The waster clomped down into the food bin.

“Ah, disgusting. Uh, hi.” He said holing up his forepaws to show they were empty and clawless. “I, I just need these keys. Sorry! Please don’t bite me.”

He bent down into the pile of bags and left over food, his striped leash drooped into something wet. His incredible forepaw grabbed the stick ring as if picking things up was the easiest thing in the world, then he leapt out of the food bin.

“I didn’t know they could move that fast,” said Molly.

“Yeah, that was almost cat level,” said Dot.

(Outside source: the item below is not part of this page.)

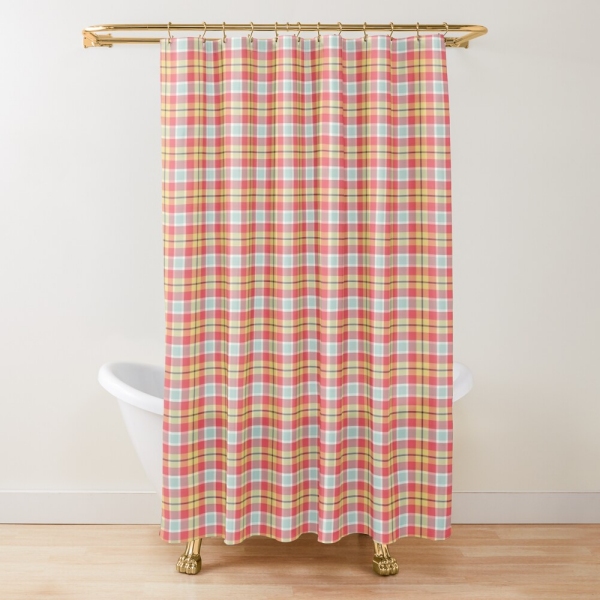 Pink and yellow plaid shower curtain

“You mean racoon level,” said Molly.

“Ha! Yes I do. Let’s finish this pizza and get out of here before more of them come for their stuff.”

The sisters rubbed foreheads. 

“Dot,” said Molly. 

Molly started licking Dot’s hind paws. It tickled. 

“DOT!” Why was she so loud?

“Hellooooooo,” Molly’s voice was different, she was licking so much Dot’s paws were wet. 

“Molly,” she thought. 

“Dot! The tide is coming in!”

Dot’s eyes blurred open. Water lapped over her hind paws. She could smell the Skunks, Brenda and Shirley, behind her. She held a clam in her forepaws. 

She remembered where she was. She had come at low tide looking for Molly. 

Molly loved clams more than anything, even more than mice or eggs, maybe less than Marshmallows (they didn’t count because you only found those if you were really lucky). But Molly wasn’t hunting in the tide pools, or taking in the breeze smells. Molly wasn’t in any of their favourite dens, or scavenging in their alley. Molly wasn’t there to nuzzle or groom. Molly wasn’t anywhere.

Molly was gone.

And Dot was drowning in her loss.

“Dot?” called Brenda.  

“Hi,” Dot called back without turning. She didn’t want the skunks to see her crying. ‘Animals don’t cry,’ her mom had always said before… “Just taking in the view,” Dot choked out. 

“Oh the view,” said Shirley, “wouldn’t that be nice. A bit blind for that myself. Nice smells though.” She quietly said to Brenda, “She’s okay.”

“Well, you know how we worry dear. But as long as you’re okay we’ll twaddle along,” said Brenda,  “There are some lovely grubs in the short grass with the plastic holes if you’d like to come.”

“Thanks,” called Dot without turning. She held the clam up. “I’m stuffed on clams. Let’s dig for grubs tomorrow.”

“Oh, won’t that be lovely,” said Shirley.

“Good night dear,” said Brenda.

“What lovely kit she is,” Shirley said quietly to Brenda.

“She very much is. Shame about her mom,” said Brenda. 

“Such a shame,” clucked Shirley, as they waddled their way to the par three golf course.

Dot turned back to the great salt water. The spray misted memories of her missing sister across Dot’s mask blending with the tears she wasn’t supposed to cry.